Oil plummets and America rejoices! Right? Well, not quite. Certainly crude prices seem to be headed south, closing around $120 on Monday and raising the prospect of pump prices dropping below $4 a gallon. But as Fortune.commakes clear, “[F]alling oil prices also suggest that the recession the U.S. has so far avoided is well on its way.”
There’s plenty of Texas tea-leaf reading taking place to divine all the reasons for oil’s current fall, be it a boost in Saudi production, relief that Tropical Storm Edouard is no hurricane, or, intriguingly, the Financial Times’ suggestion that Beijing may have been stockpiling oil ahead of the Olympics. The New York Times points to less-fickle Chinese behavior—a very real economic slowdown (some say 2 percent) in the world’s premier economic driver.
A Chinese economic contraction has ramifications throughout the commodities world. Manufacturing in China, the world’s biggest metals buyer, “contracted in July for the first time since at least 2005,” writes Bloomberg, just one of the factors that has brought on a global commodities bear market.
But before you fire up the F-150 that’s been sitting neglected in the driveway, remember that what goes down could always go back up. Even as some economists foresee a return to double-digit crude prices, one analyst cautions Fortune.com that, “[b]y the end of the third quarter, there’s a good chance oil could be below $100 a barrel, and a good chance it could be above $150.” Guess we’ll have to see what the futures hold.
Fresh from creating ulcers for Yahoo CEO Jerry Yang, Carl Icahn has shifted his attentions to a company he already controls. As chairman of the ImClone board, he and his board moved to reject Bristol-Myers Squibb’s unsolicited $4.5 billion offer for the high-flying biotech company, suggesting “the target company might be worth more to shareholders if it were split in two,” writes the Wall Street Journal. Observers suggest this riposte was just part of the bargaining process as the two former collaborating companies came to a deal, but that didn’t stop Icahn from expressing his “concern” that “Bristol-Myers may have had access to confidential information about ImClone before offering to acquire the 83% of shares it doesn’t already own.”
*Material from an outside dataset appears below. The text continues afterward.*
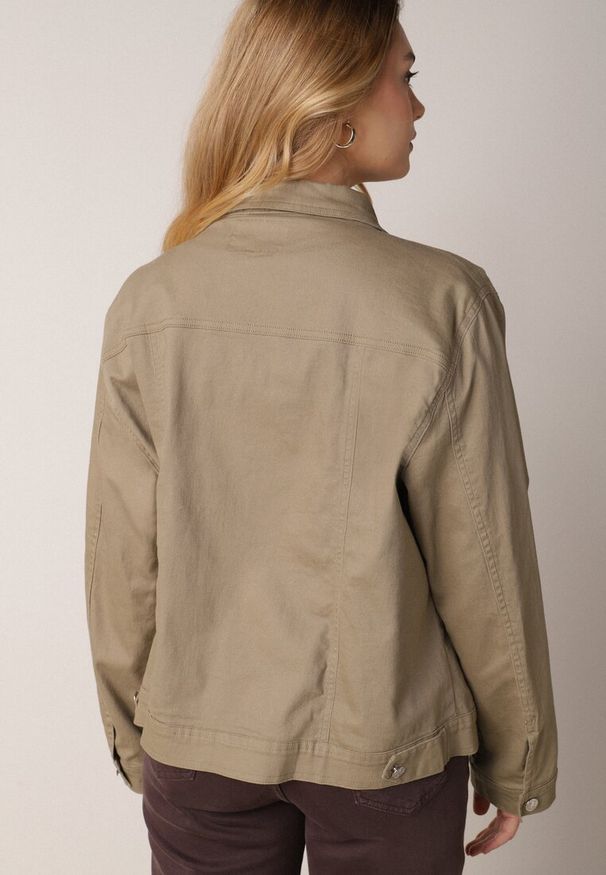 Born2be - Ciemnobeżowa Bawełniana Kurtka Jeansowa Perimea. Kolor: brązowy. Materiał: bawełna, jeans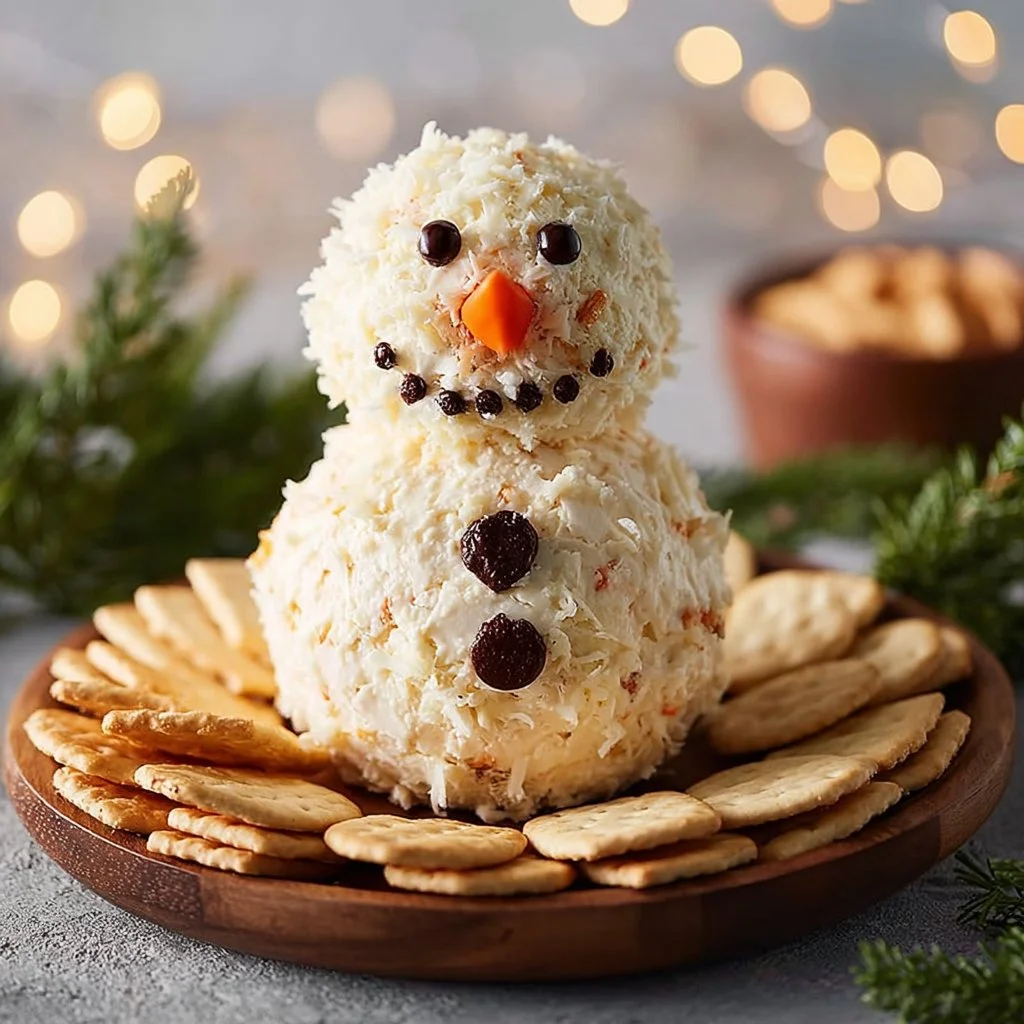 Festive snowman cheese ball appetizer for holiday gatherings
He might also have some concern over a WSJ report that shareholder opposition to Jerry Yang could have been greater than was recorded at last week’s Yahoo shareholder meeting. Yang won 85.4 percent of the shares to stay on as a director, with 14.6 percent withheld. Now one major shareholder that opposed Yang, Capital Research Global Investors, has asked for a review of the vote, though the Journal notes that even if a mistake was made, “the impact on the total vote would have been relatively minor.”
Did the CEO of Freddie Mac ignore warnings that “the firm was financing questionable loans that threatened its financial health”? That’s the charge in the NYT this morning, backed up by “more than two dozen current and former high-ranking executives at Freddie Mac, analysts, shareholders and regulators.” At issue is a 2004 memo sent to CEO Richard F. Syron by former chief risk officer David A. Andrukonis, in which he warned that buying bad loans “would likely pose an enormous financial and reputational risk to the company and the country.” Syron admits some mistakes were made but replies with a candor that must make shareholders weep: “Frankly, if I had perfect foresight, I would never have taken this job in the first place,” he says.
Cloud computing may be common parlance among the digerati, but it also has gained mainstream business resonance in recent days with the announcement of new remote computer networking and storage services by successive tech companies including Amazon, Google, and IBM. AT&T is the latest to join the cloud computing craze, and yesterday it described how the U.S. Olympic Committee, which runs teamusa.org and other Olympics Web sites, will rely on AT&T’s server power to manage the spike in traffic it will receive during the Beijing Games. Yet even as the trend in cloud computing grows (even Microsoft is said to be planning its own post-software vision), Dell Inc. is looking to trademark the term, according to Computer World. Apparently, “Internet based development and use of computer technology” (thanks, Wikipedia) just doesn’t have the same ring to it.
Finally, for all you morning java fixers, Starbucks has got a new way to lure you back in the afternoon. Starting nationwide today the caffeinated chain will offer morning customers “any iced grande beverage for $2 after 2 p.m,” CNN Money reports. That’s one way to give the economy a jolt.